Staying Present in Unsettled Times

discernment Mar 27, 2026
Staying Present in Unsettled Times

There are moments in personal life and collective life when the ground feels less stable than it once did.

Structures strain. Assumptions fracture. The familiar language no longer fits. Something once reliable begins to feel brittle.

The instinct is to resolve it.

To move quickly toward reassurance.
To declare certainty.
To identify villains and heroes.
To restore equilibrium as efficiently as possible.

But not all instability is meant to be immediately corrected.

Some instability is revelatory.

The Discomfort of Unknowing

Unknowing is rarely welcomed. It interrupts competence. It exposes limits. It resists efficiency.

We are accustomed to solving problems. Naming them, categorizing them, moving toward resolution. This habit serves us in many areas of life.

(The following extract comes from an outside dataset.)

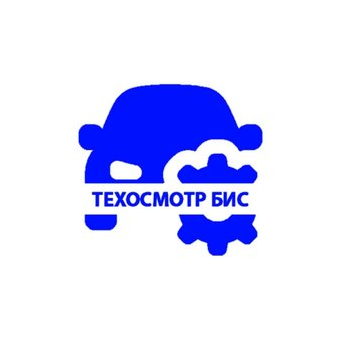 Техосмотр БИС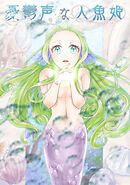憂鬱声な人魚姫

It does not always serve us in passages of moral or spiritual reckoning.

When something foundational begins to shift, rushing toward resolution can short-circuit discernment. We may grasp for narratives that calm us rather than narratives that are true.

Staying with what is does not mean indifference. It does not mean passivity. It does not mean refusing to act.

It means refusing to pretend.

Refusing premature reassurance.
Refusing false neutrality.
Refusing the comfort of easy answers when the situation is not simple.

Presence as an Ethical Act

In times of public strain, it can feel tempting to retreat into private stability. To narrow one’s focus to what is controllable. To avoid the discomfort of collective grief or moral tension.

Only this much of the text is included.